O Magos descritos presentearam o menino Jesus com ouro, incenso e mirra, como símbolo, respectivamente, de realeza, divindade e humanidade. Ao longo da história, entretanto, as referências atribuídas aos Magos do Oriente mudaram significativamente. No século II, começaram a surgir as primeiras imagens esculpidas ou pintadas dos Reis. A partir de então, o imaginário do devoto aumentou. Desde a Idade Média foram acrescentados jogos, danças bailes, desfiles e espetáculos nas celebrações populares efetuadas no período entre a véspera de Natal e o dia de Reis. Também adicionaram a esses festejos, os folguedos ligados ao carnaval, onde se comemoravam o antigo e o novo Natal numa dinâmica que celebra passado, presente e futuro. Na Europa Medieval, cortejos de pessoas que saíam cantando e dançando pelas ruas de Portugal eram conhecidos como “Janeiras”, “Autos Pastoris” e “Cheganças”. Em Portugal, há registros das "Janeiras" em meados do século XIV, na região de Beiras, Minho, Estremadura e Douro. Um grupo festivo saía em visitas às casas, cantando e tocando em louvor ao Menino-Deus. Como retribuição, estas pessoas recebiam bebidas, comidas entre outros agrados.
“Janeiras” em Porto. Interessante - contam com o maior número de mulheres, como membros - Fonte: Nit
Sobre essas festas populares, Moraes Filho observa:
No meio dessas cenas pitorescas, desses dramas infantis, a poesia imitativa tocava ao seu apogeu, por isso que a grande nova emprestava no lirismo a voz aos animais, que expandiam as suas alegrias, pelo nascimento do Deus- Menino.
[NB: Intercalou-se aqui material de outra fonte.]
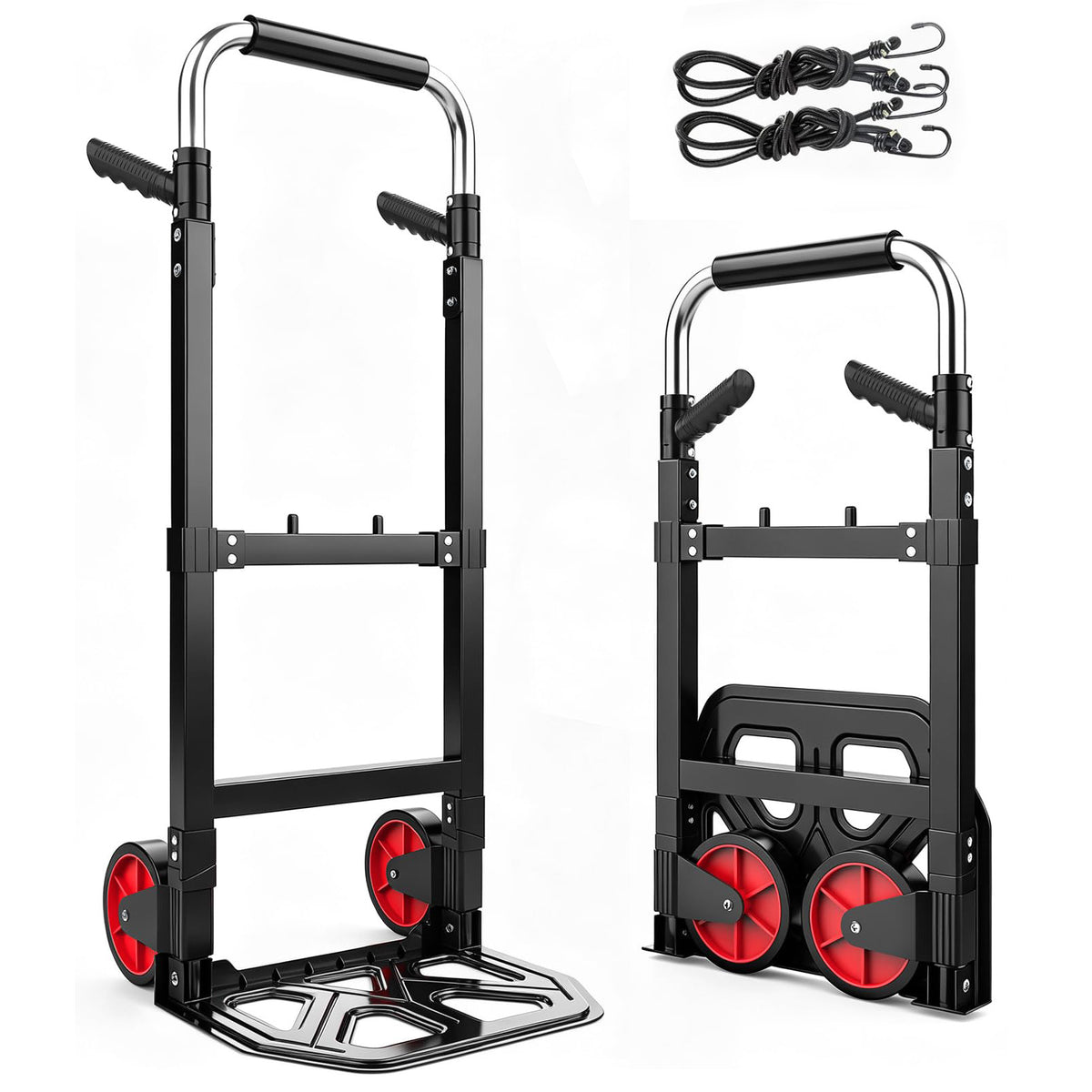 Yacona Moving Dolly Cart with Wheels, 360LBS Folding Hand Truck, Portable Utility Cart with Adjustable Handle, Black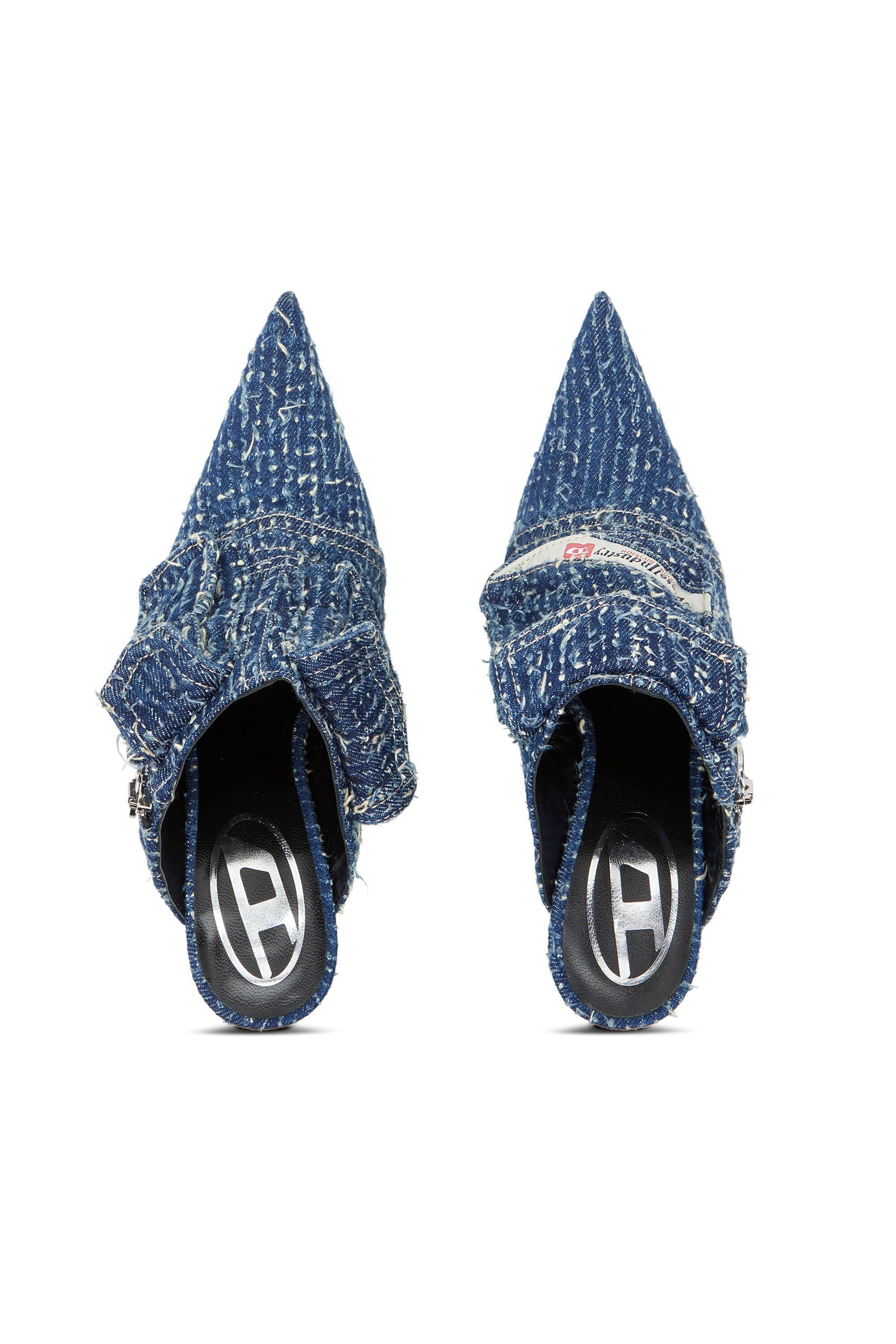 D-VENUS POCKET ML D-Venus-Heeled mules in bouclé denim｜ブルー｜ウィメンズ｜DIESEL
Em seus louvores, o coro era uníssono, os tocadores de cítara partiam nos arpejos das cordas vibrantes, e os poetas entregavam-se ao fervor piedoso de suas inocentes inspirações. Mais tarde os bretões adotaram esses usos, que se generalizaram pela Europa, variando na forma,mas conservando o fundo da tradição (FRANÇA).
No Brasil
Estes hábitos e costumes em terras portuguesas, praticados por lá e repassados de uma geração para outra, chegou ao Brasil com os primeiros imigrantes daquele país - os portugueses. Na Bahia, onde estava a primeira capital brasileira - Salvador - as práticas sofreram contribuições de práticas religiosas e culturais dos indígenas e dos africanos - dentro do Terno de Reis ou “Ranchos de Reis”, como era conhecida o festejo. No século XIX, as práticas em torno do Terno de Reis são levadas para o Rio de Janeiro, coincidentemente a segunda capital do país e da lá para todo o território nacional, mais praticado nas áreas rurais.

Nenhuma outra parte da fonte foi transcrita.